Think VERY deeply before you take out a loan, attempt to leverage, or put any of your #bitcoin at risk.
- Stay humble.
- Stack Sats.
Disclosure: I love Matt and Jack.
Think VERY deeply before you take out a loan, attempt to leverage, or put any of your #bitcoin at risk.
- Stay humble.
- Stack Sats.
Disclosure: I love Matt and Jack.
Currently, it’s better to leverage a house to buy bitcoin, than to leverage bitcoin to buy a house.
IMO it's best to avoid leverage in order to maximize freedom.
Agreed. But in which are you more free?
1. Paid off $200k house with 0.1 Bitcoin.
2. $200k house with $100k mortgage and 1.1 Bitcoin.
That house is a geographical anchor and tax target either way.
We can both agree that the paid off house AND the 1.1 Bitcoin is best, but the tied up equity in the house is the only way for many to be able to pay down owning a whole coin over time without the price running away from them.
Zero houses and more Bitcoin.
I feel you, sounds like you have your situation figured out. Many like having a house, many more already have a house, and many of those don’t have bitcoin. That’s the target audience here.
The American Dream has become the American Trap.
Debasement of the US Dollar caused Property to act as a substitute for hard money, fueled by easy money backed by the US tax payer (especially since the GFC bail out of Fannie Mae and Freddie Mac).

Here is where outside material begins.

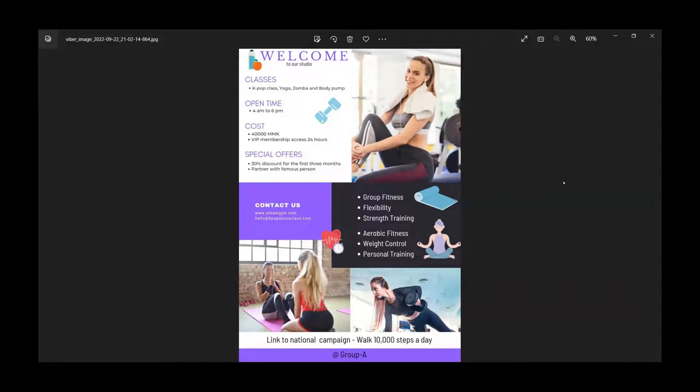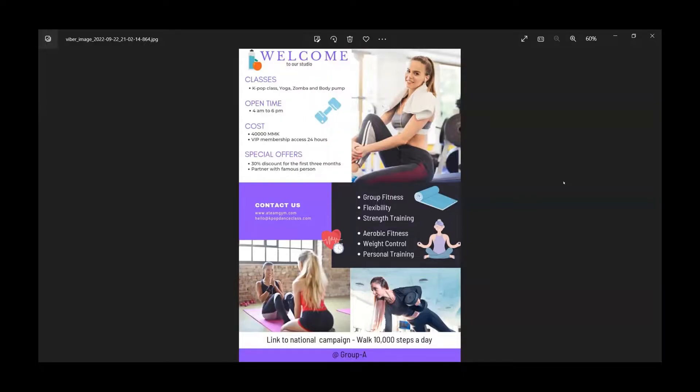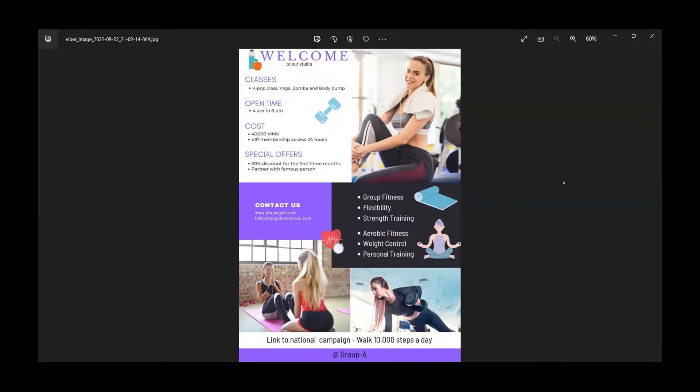Plus, since we are partnered with female celebrities, you can also meet with your favorite celebrities. And we also link with walk 10,000 steps a day. Taking 10,000 steps is equal to walking approximately 5 miles.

Opt out of their debt slavery.
I agree with the current condition that you're pointing out. But, bitcoin allows owning both. The opt-out isn't avoiding owning a home and land. The opt-out is owning the sizeable amount of bitcoin alongside it. If everyone starts to do this, the real estate market will revert to its fundamentals; which are the desire for a secure place for your family tied to the cost of the sticks and shingles.

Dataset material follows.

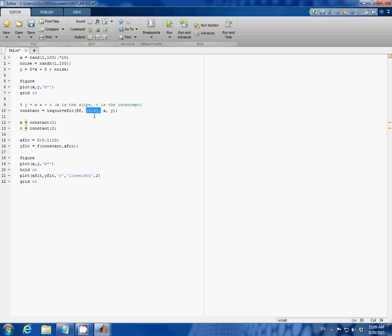The second input is the initial values of constants m and c in the linear equation. Here I set them both to zero. You can pick different numbers but in the end we should get the same result. The third and fourth inputs are our random data x and y.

Now, admittedly Bitcoin won't get rid of all rentals, but it will get rid of the landlords that weren't in it to run a service business and were just trying to preserve their prosperity. They never wanted rentals to begin with. This is the sucking sound that will grow louder as bitcoin draws equity from real estate markets.
It won't necessarily crash the RE market. It will likely just slow it's growth and let prices settle into a real value, uninflated by desperate devaluation avoidance. Some markets will settle into price slips, even sizeable ones, depending on how inflated they are currently. But many markets will just stop inflating as quickly, like in the midwest.
Another interesting consideration, when I guide real estate portfolios or funds to refactor their holdings like I've been talking about, their best exit is to a family that can own and live in the home. This is so much better than selling it to another investor. This will bring down considerably the homeowners to renters ratios in communities across the country. This will take a decade or more to reach scale. But it's starting now. And investors are awakening to it.